En ambas películas la finca de viviendas se convierte en nido de víboras, sibilinas y cautelosas en la primera película o bien agresivas y asesinas en la segunda.
En el caso de Polanski, el director polaco registra una atención hipnótica hacia los espacios cerrados en varias obras que llevan su firma. Es el ejemplo de Repulsión, que genera en el espectador una cruenta angustia a través de los asustados ojos de Catherine Deneveu (paredes que abren grietas por donde emergen dedos), e incluso Un dios salvaje, donde dos familias enfrentadas se reúnen para hablar de los problemas de sus hijos.
Otra referencia de la claustrofobia más surrealista se debe a la mano de Luis Buñuel y su El ángel exterminador (1962).

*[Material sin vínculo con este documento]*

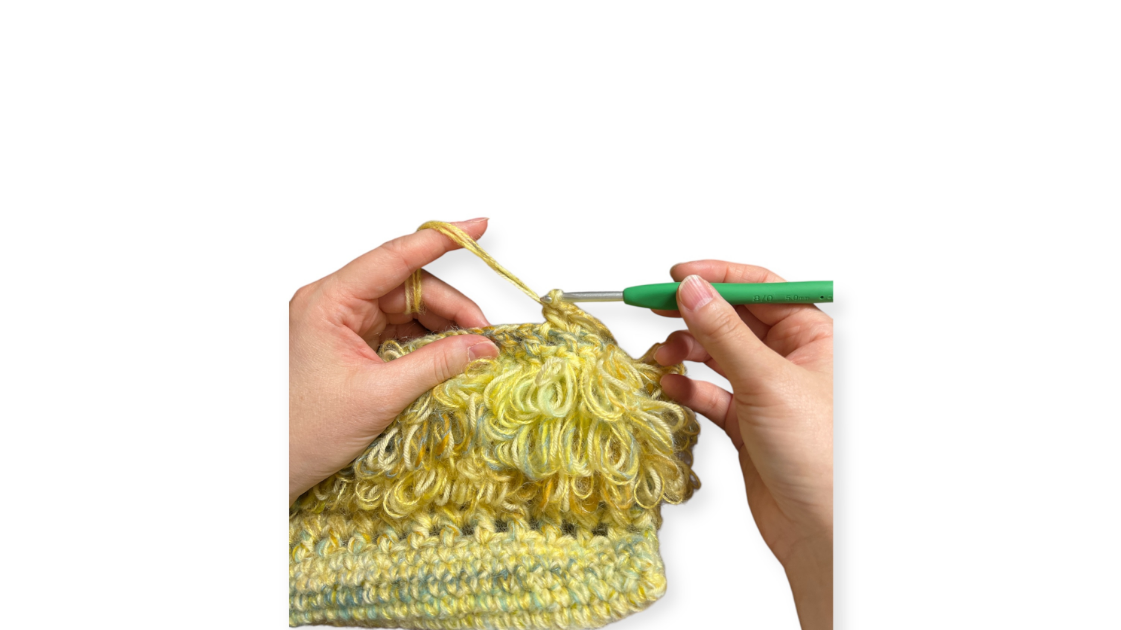 糸を持つ手が編み地（編んだ布地の部分）を固定している画像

El título parece que haga referencia a la obra poética de su amigo en la Residencia de Estudiantes de Madrid, Rafael Alberti y su Sobre los ángeles (1926-1727). En esta imprescindible película se celebra una reunión entre invitados de la clase burguesa. De manera inexplicable, ninguno de ellos se verá capaz de salir del salón tras la cena. El primer plato lleva al segundo, al postre, al café, al “no quiero irme” sutil, una especie de sentimiento que todos comparten aunque nadie manifieste una imposibilidad a partir. Y, al día siguiente, el desayuno y de nuevo la noche donde duermen como pueden, ocupando sillas, sofás y suelo. El pánico atroz de abandonar la lujosa sala contagiará el escenario, que empieza a ser corrompido por la huella de los invitados quienes, sucios y hambrientos, seguirán negándose a abandonar la habitación. Las cordiales maneras de la cortesía son abandonadas en ese salón que semejará una selva donde el protocolo dejará de importar y la ira y la frustración devorarán a los personajes. Cuando por fin logran salir y se dirigen a la misa, la película cierra con un renovado sentimiento de incapacidad psíquica de abandonar la iglesia.
Para finalizar cabe reseñar el cuento de Julio Cortázar, “La casa tomada”, en donde dos personajes huyen de la presencia de unos seres que ocupan su vivienda, “espaciosa y antigua”. Aunque aceptan este hecho, del mismo modo que sucedía con la inexplicable fuerza que impedía a los personajes de Buñuel abandonar el salón.
«-Tuve que cerrar la puerta del pasillo. Han tomado parte del fondo.
Dejó caer el tejido y me miró con sus graves ojos cansados.
-¿Estás seguro?
Asentí.
-Entonces -dijo recogiendo las agujas- tendremos que vivir en este lado.»
Sin embargo, en este caso los personajes salen airosos de la casa y son capaces de escapar, tras un tiempo conviviendo con esas presencias que les perturbaban. Con pesar, huyen del hogar que tanto les gustaba cerrando bien con llave.
La claustrofobia de la pantalla, en los casos de las películas comentadas, afecta al público que, asimismo, vive momentáneamente una claustrofobia dentro de la sala y dentro de la misma trama. Son siempre arriesgadas las propuestas donde el director, como moviendo juguetes que conserva en un baúl, quiere sumergir al espectador en una angustia vertiginosa y, aunque esta se alcance, a veces esto no supone un éxito. En ocasiones, como sucedió con El quimérico inquilino, que fue masacrada por la crítica, o con Mother!, la belleza mata.